2 VADİ VE ARASINDAKİ TEPELER...

Aşağı Kaydırın
KÖY, YAYLA,KONAK VE KONAKLAMA
  • 59
Yazı Boyutu:
Yazdır

2 VADİ VE ARASINDAKİ TEPELER...

Metin Gültan

Çamlıhemşin'den , Ayder'e doğru çıkarken yolun sol tarafındaki sırtlar ve arka tarafları çok uzun zamandır hayallerimi süslemekteydi. Haritada yaptığım çalışmalarda buralarının iki vadi ve arasındaki sıra dağlar olduğunu ve bir çok yaylayı barındırdığını tespit etmiştim.  Buralara gidebilmek için iki farklı rotadan gitmek gerekiyordu.

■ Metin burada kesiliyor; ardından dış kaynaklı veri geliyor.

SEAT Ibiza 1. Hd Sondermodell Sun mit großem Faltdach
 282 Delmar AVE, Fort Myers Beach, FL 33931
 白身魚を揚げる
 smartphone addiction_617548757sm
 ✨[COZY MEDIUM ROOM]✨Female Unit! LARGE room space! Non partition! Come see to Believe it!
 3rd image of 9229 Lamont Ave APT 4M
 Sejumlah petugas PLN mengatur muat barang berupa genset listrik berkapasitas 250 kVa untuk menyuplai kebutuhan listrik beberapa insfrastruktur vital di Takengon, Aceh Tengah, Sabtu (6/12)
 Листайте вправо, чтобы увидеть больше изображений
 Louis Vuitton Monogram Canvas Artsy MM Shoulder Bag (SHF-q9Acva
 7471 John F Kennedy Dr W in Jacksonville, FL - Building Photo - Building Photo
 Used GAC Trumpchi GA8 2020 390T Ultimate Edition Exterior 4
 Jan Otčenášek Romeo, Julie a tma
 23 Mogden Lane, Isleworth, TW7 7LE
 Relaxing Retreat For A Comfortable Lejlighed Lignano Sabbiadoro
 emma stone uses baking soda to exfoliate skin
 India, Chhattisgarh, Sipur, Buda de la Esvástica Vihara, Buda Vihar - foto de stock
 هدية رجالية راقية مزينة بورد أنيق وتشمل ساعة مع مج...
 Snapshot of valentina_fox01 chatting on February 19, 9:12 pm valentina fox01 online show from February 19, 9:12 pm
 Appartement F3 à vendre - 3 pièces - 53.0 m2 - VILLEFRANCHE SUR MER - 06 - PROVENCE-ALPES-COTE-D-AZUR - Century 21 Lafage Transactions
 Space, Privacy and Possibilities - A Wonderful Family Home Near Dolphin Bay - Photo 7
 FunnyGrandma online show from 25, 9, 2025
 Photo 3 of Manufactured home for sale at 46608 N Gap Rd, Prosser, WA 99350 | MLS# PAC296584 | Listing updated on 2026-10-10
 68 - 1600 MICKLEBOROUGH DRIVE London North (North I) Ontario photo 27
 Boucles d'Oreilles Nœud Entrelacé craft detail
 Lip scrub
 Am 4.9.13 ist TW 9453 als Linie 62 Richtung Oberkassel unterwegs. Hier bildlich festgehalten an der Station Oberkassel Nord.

Harita incelemelerinde burasının yan yana duran iki vadi ve arasındaki tepeler olduğunu gözlemlemiştim. Sol taraftaki vadi Maselevat ve devamındaki Komatti ve Eğrisu yaylalarını, tam ortada kalan tepeler ise Tatsikeri den başlayarak Pimpilona, Boğaz, Sataple, Koç düzü ve Didigola yaylalarını kapsıyordu. Tepenin sağ tarafındaki yamaç ise bir taraftan Tar deresi Şelalesini ve devamındaki Loldeçur ve Ombole yaylalarını veya yeni adıyla Kaçkar yaylalarını ihtiva etmekteydi.

Gezebilmek için uygun havayı ve şartları bulmak gerekiyordu. Çünkü planlayarak gittiğim bir çok yerden duman ile geri dönmüştüm. Hava şartları benim planımı değil kendi müsaadesini beklemekteydi. Bugün yarın derken kısmet 2014 yazınaymış.

Bu gezilerimde bana eşlik eden tüm refakatçilere çok teşekkür ederim.
Sizler olmasaydınız ben buraları gezemezdim.

1.ROTA; MASELEVAT VADİSİ, KOMATTİ VE EĞRİSU YAYLALARI

Maselevat Vadisi ve devamındaki Komatti ve Eğrisu yaylaları benim çok uzun zamandır görmeyi planlamaktaydım ama sürekli ertelenmekteydi. Havanın mükemmel olduğu bir Ağustos gününde, İdris Lütfü Melek ve ben, mihmandarımız Yavuz Günay'ı yanımıza alarak yollara düştük.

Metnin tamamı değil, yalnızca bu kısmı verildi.